* **Your goal**: Only the lines from the first line of the data through the line containing "These dedicated chapters" belong in the answer, transcribed exactly; pictures do not.

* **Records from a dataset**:

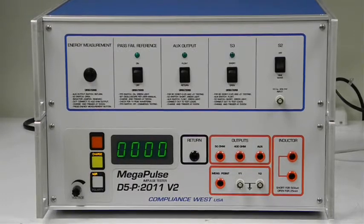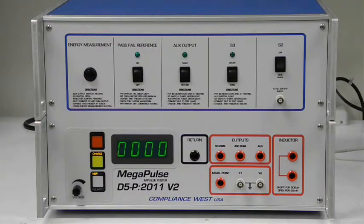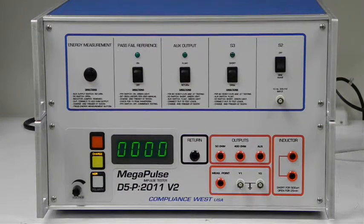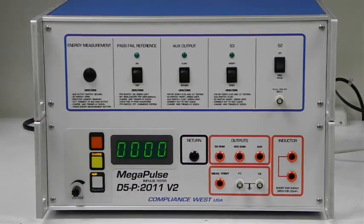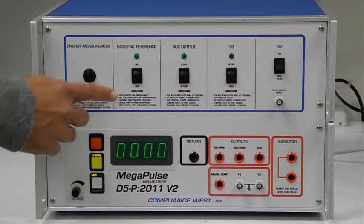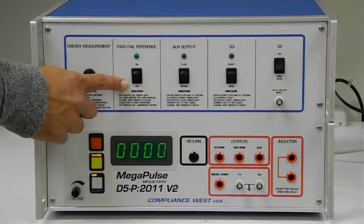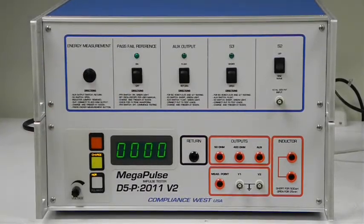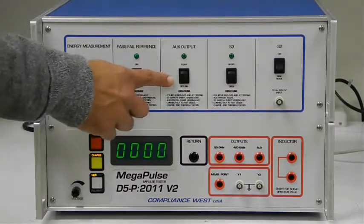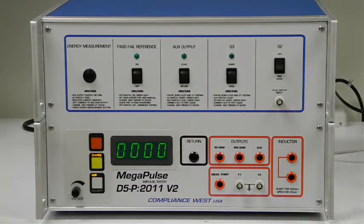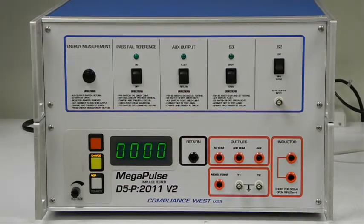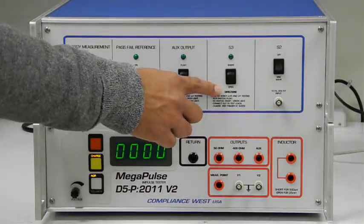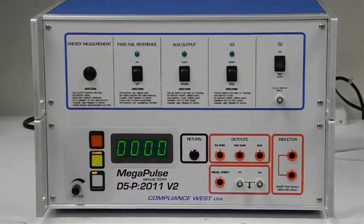Set the other front panel switches as follows: Pass-fail reference off, Aux output return, S3 open, S2 off.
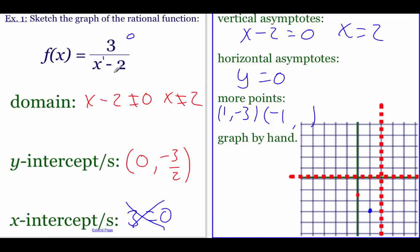Plugging in negative one: negative one minus two is negative three on the bottom, three divided by negative three is negative one. So we plot that. What we can see is our graph from the y-intercept heads through these points, but the asymptote causes the graph to level off. Heading toward the vertical asymptote, the graph comes down through the y-intercept and hits (1, -3), then shoots straight down.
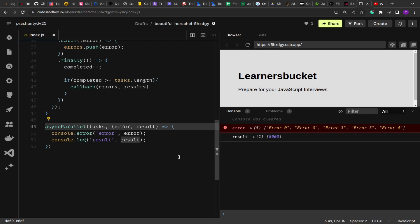In the next video, we'll see how to execute the async tasks in sequence, one after the other. Thank you for your time.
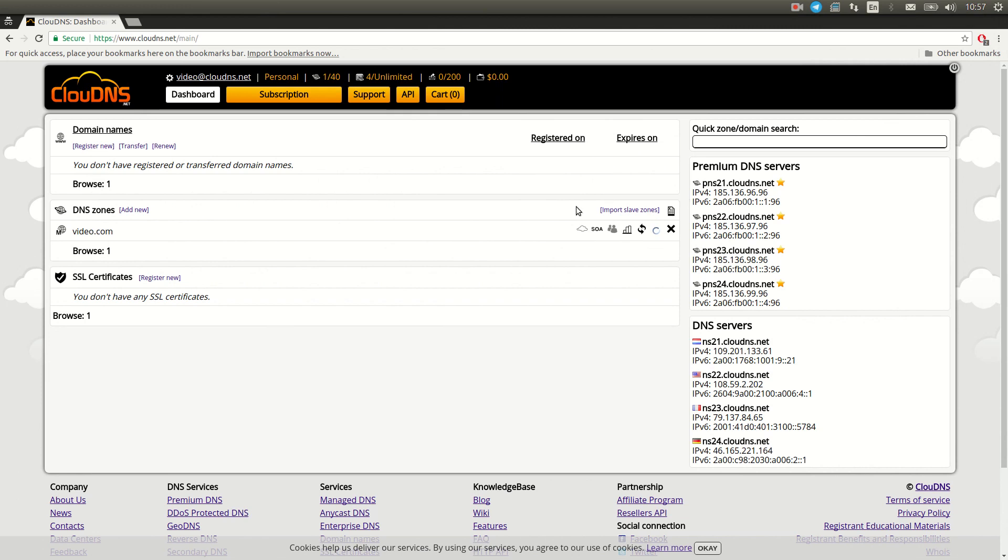To modify the TTL of your records, you must have Premium, DDoS Protected, or GeoDNS subscription. You can set the TTL of any record during creation.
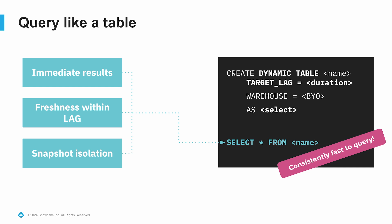And when we query that dynamic table, we get materialized results. So we're not having to reprocess a view and expend all of the compute in order to process new data. Instead, we're just querying the materialized results. And so it's super fast to be able to query a dynamic table after it's been processed.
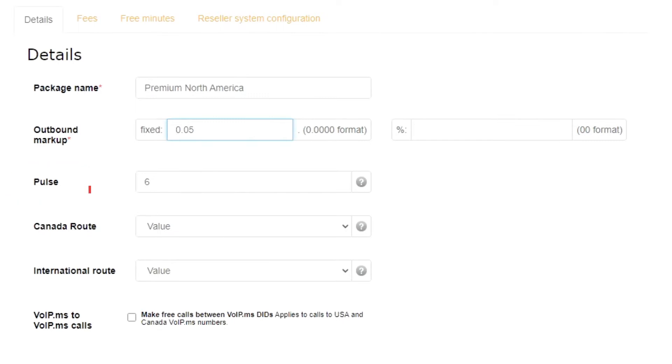The Pulse field is where you set the time interval you wish to charge your customer for outbound calls. For most destinations, VoIP.ms is billing per six-second increments, so I will leave it as is.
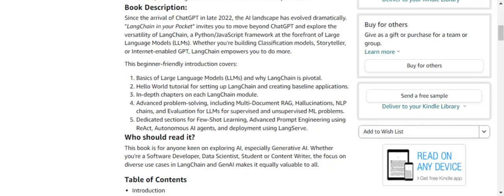These dedicated chapters cover output parsers, retrievers, chains, agents, and more. The second half of the book deals with advanced problem-solving, including multi-document RAG, hallucinations, LLM chain evaluation, few-shot learning, advanced prompt engineering, and autonomous agents like AutoGPT and BabyAGI. The final part covers deployment using LangServe, which is also very important.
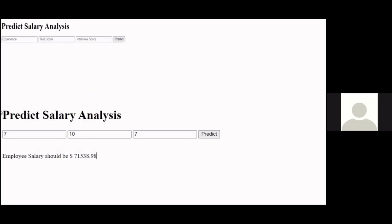Using the provided public DNS, we can access the hosted model through a web browser. Here we can input the experience, test score, and interview score, and we will get a predicted value of what the employee's salary should be.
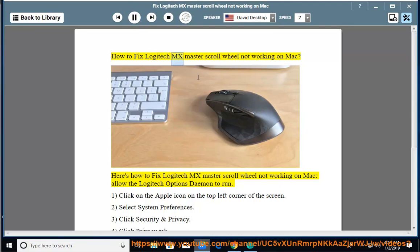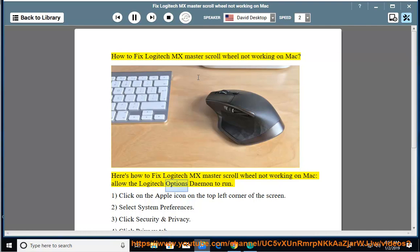How to Fix Logitech MX Master Scroll Wheel Not Working on Mac. Here's how to fix Logitech MX Master Scroll Wheel Not Working on Mac, allow the Logitech Options Daemon to run.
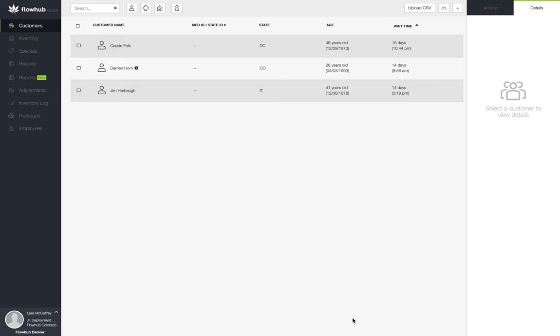In this video we're going to go over building a drawers report. The purpose of the drawers report is to see the payouts and drops that were made throughout the day. We can also see what our revenue is for the day by specific drawer.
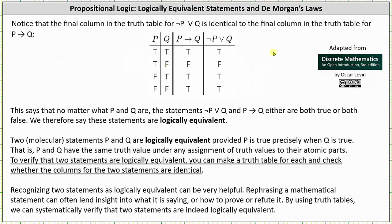Welcome to a lesson on logically equivalent statements. If we take a look at the truth table, notice how the column for 'if p then q' is true, false, true, true — and the column for 'the negation of p or q' is also true, false, true, true. This means that no matter what p and q are, the two statements either are both true or both false, so we say they are logically equivalent. Two molecular statements are logically equivalent provided they have the same truth value under any assignment of truth values to their atomic parts. To verify this, we can make a truth table for each and check whether the columns are identical.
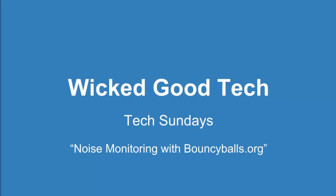Hi, this is Steph with Wicked Good Tech. Today on Tech Sundays we're going to take a look at a noise monitoring system with bouncyballs.org.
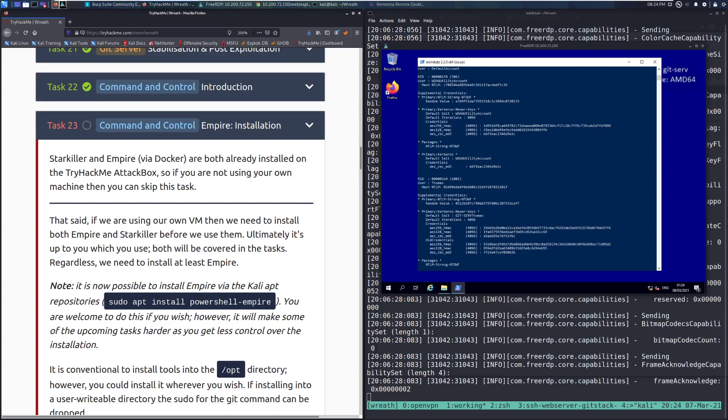Hey everyone, welcome back to another video here on the Wreath Network on TryHackMe. Today we're going to be going over Task 23, Command and Control, Empire Installation.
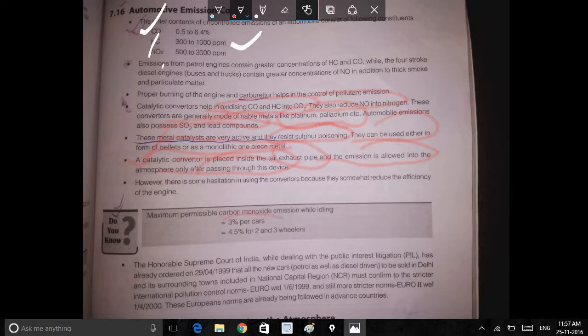Carbon monoxide emission while idling and anti-idling: CO emission equals 3% per standards or 0.5% per 2 and 3 wheelers.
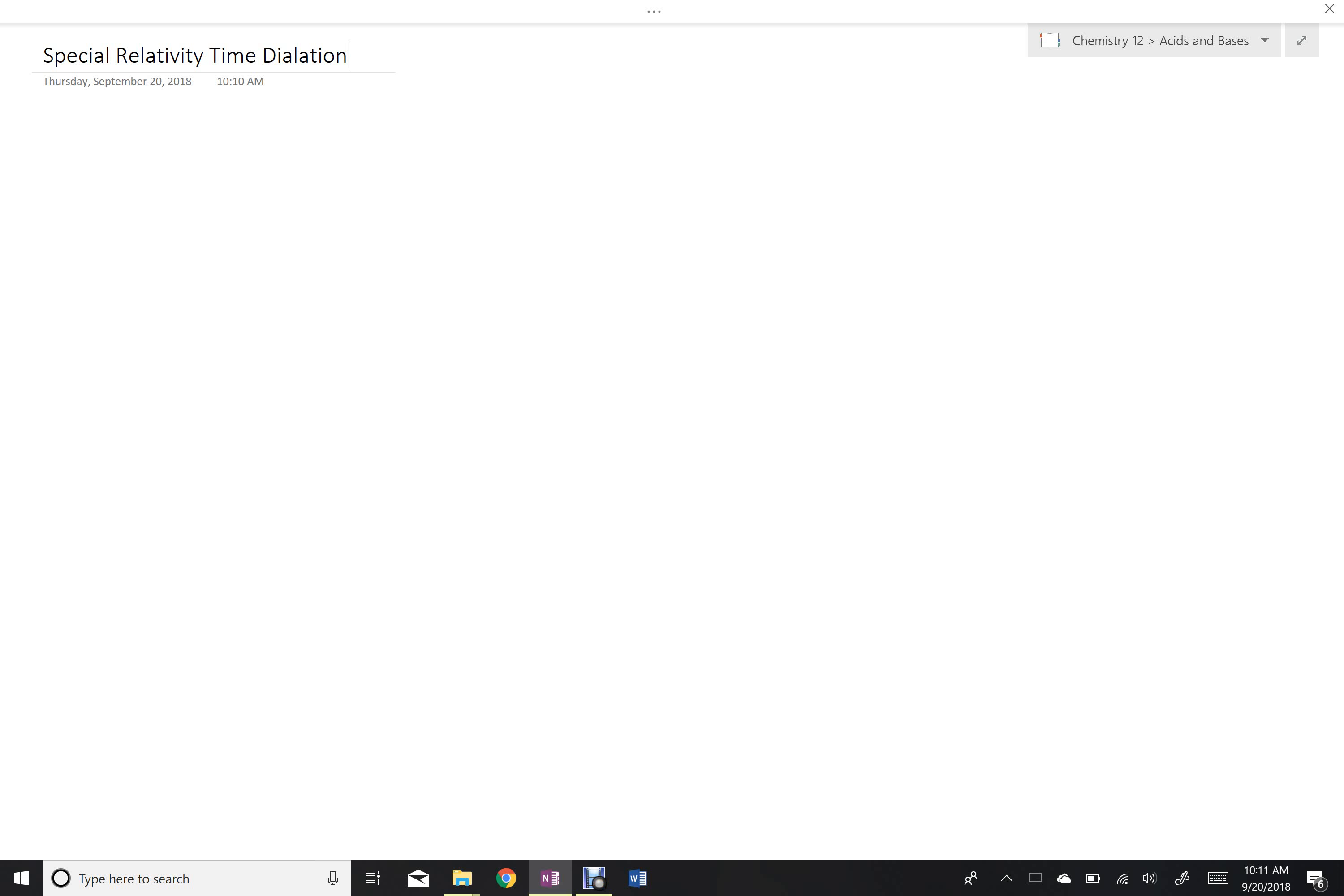So the idea here is we're comparing the movement of a photon through some distance, which will be straight up and down from the observer of somebody in the moving frame of reference. This is the moving frame perspective.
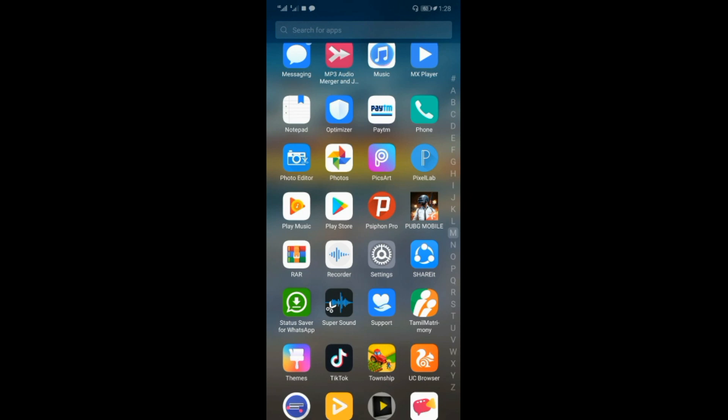Hello friends, this is your friend. If you want to see how to use the InShot app, you can see it here. If you want to subscribe to our channel, click on the bell icon.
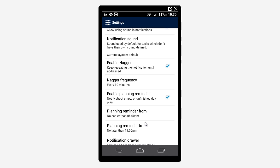GoList can notify you only once or keep repeating the notification until you react to it. We recommend you let it nag and set nagger frequency to 10 minutes.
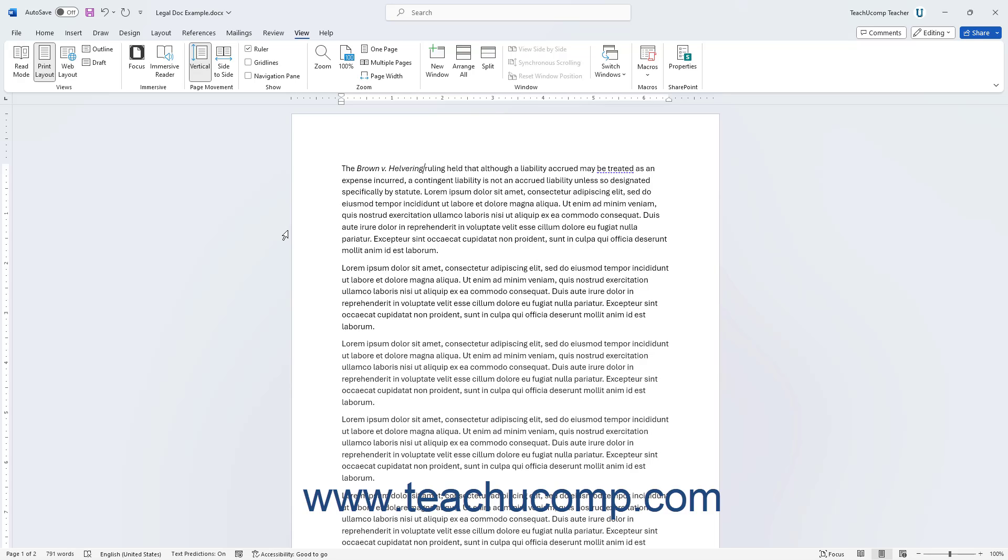Another type of citation that is less commonly used is the endnote. Endnotes collect the cited information at the end of the legal document. This is not necessarily recommended for lengthy papers, as it can make referencing the citations difficult if the reader must constantly turn to the end of the document to see the cited material. However, Word lets you insert endnotes into documents if desired.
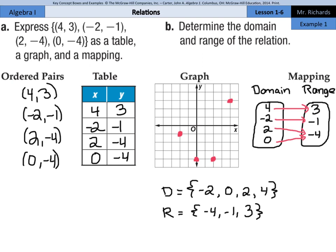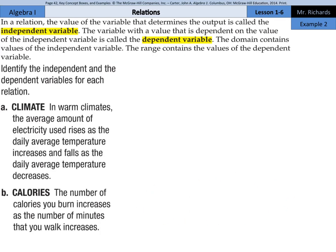So we can express a relation as ordered pairs, as a table, a graph, a mapping, and then determine the domain and range. In a relation, the value of the variable that determines the output is called the independent variable. The variable whose value depends on the independent variable is called the dependent variable. The domain contains values of the independent variable — our x's — and the range contains the values of the dependent variable — our y's.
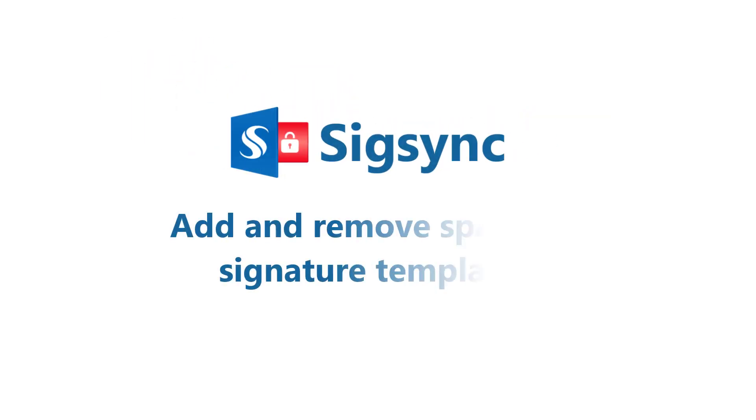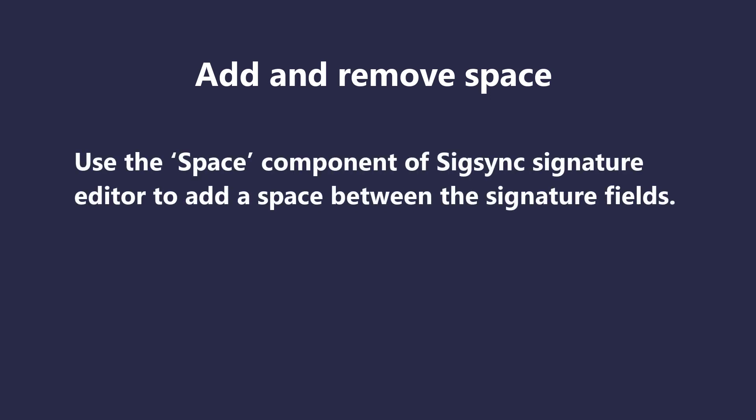This video demonstrates how to add and remove space in your signature template. Use the space component of SigSync signature editor to add a space between the signature fields.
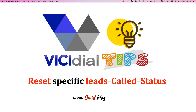We will be using adminer.php. Please check my first video in the VCDial tips series — I will provide the link in the description. We are using adminer.php because we need to reset the call status via the database, and I'm using that tool to connect to the database and run a MySQL query.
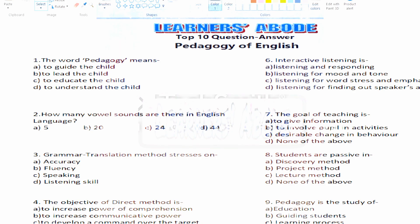Hey hello, welcome to my channel Learn and Support. Today in this video I'm going to discuss the top 10 questions and answers of Pedagogy of English, which I think will be most helpful for Primary TET, Upper Primary, and CTET also. So let's get started.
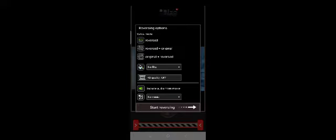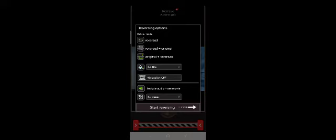Original plus reversed means first original then reversed. Only reversed means it will come reversed only. So I am selecting original plus reverse because my friends didn't see. Now start reversing.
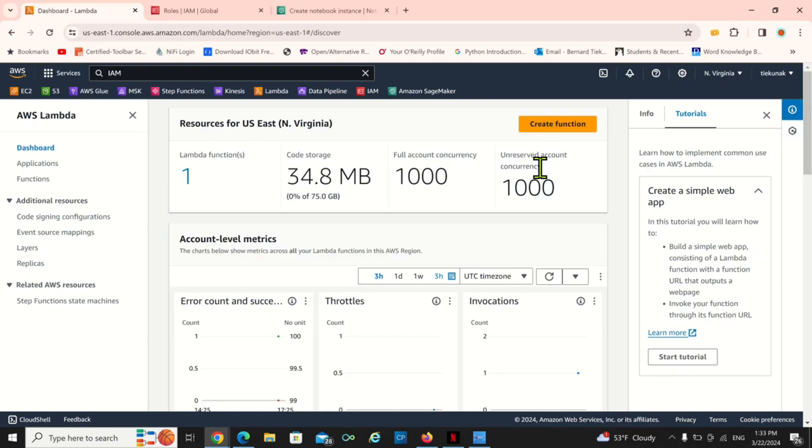Hello everybody, I hope everybody is doing alright. In today's video we're going to look at how to create a SageMaker instance. This SageMaker instance right now is being done because I want to use it to create a layer.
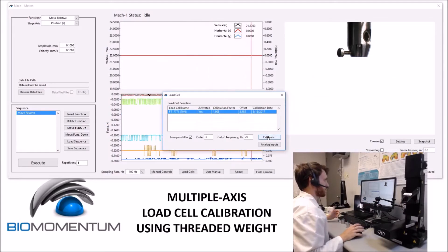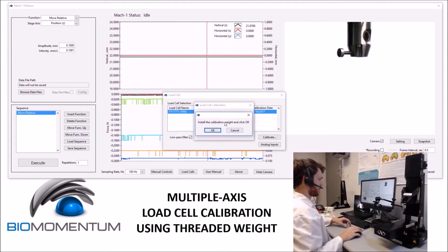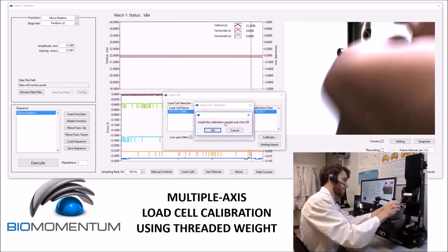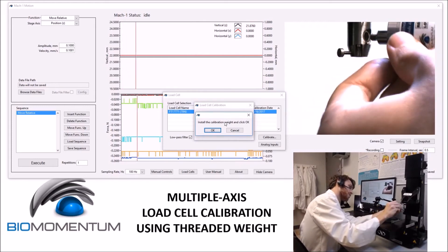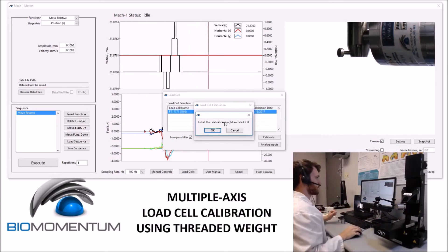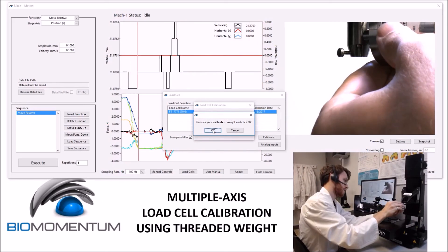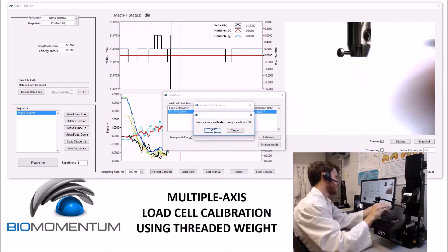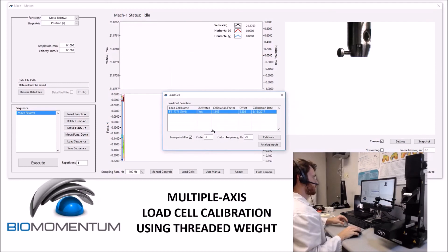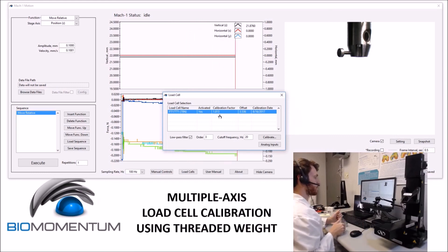The second method to calibrating the multi-axis load cell is to select calibrate, select a threaded weight, and then follow the instructions on screen. The calibration weight will be placed into the side insert on the multi-axial load cell. The instructions will be followed on screen, being careful not to damage the load cell. The calibration factor will again be within 5% of 1.00, from 0.95 to 1.05.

* **Result of the exercise**:
Set the other front panel switches as follows: Pass-fail reference off, Aux output return, S3 open, S2 off.
Plugging in negative one: negative one minus two is negative three on the bottom, three divided by negative three is negative one. So we plot that. What we can see is our graph from the y-intercept heads through these points, but the asymptote causes the graph to level off. Heading toward the vertical asymptote, the graph comes down through the y-intercept and hits (1, -3), then shoots straight down.
In the next video, we'll see how to execute the async tasks in sequence, one after the other. Thank you for your time.
To modify the TTL of your records, you must have Premium, DDoS Protected, or GeoDNS subscription. You can set the TTL of any record during creation.
And when we query that dynamic table, we get materialized results. So we're not having to reprocess a view and expend all of the compute in order to process new data. Instead, we're just querying the materialized results. And so it's super fast to be able to query a dynamic table after it's been processed.
The Pulse field is where you set the time interval you wish to charge your customer for outbound calls. For most destinations, VoIP.ms is billing per six-second increments, so I will leave it as is.
These dedicated chapters cover output parsers, retrievers, chains, agents, and more. The second half of the book deals with advanced problem-solving, including multi-document RAG, hallucinations, LLM chain evaluation, few-shot learning, advanced prompt engineering, and autonomous agents like AutoGPT and BabyAGI. The final part covers deployment using LangServe, which is also very important.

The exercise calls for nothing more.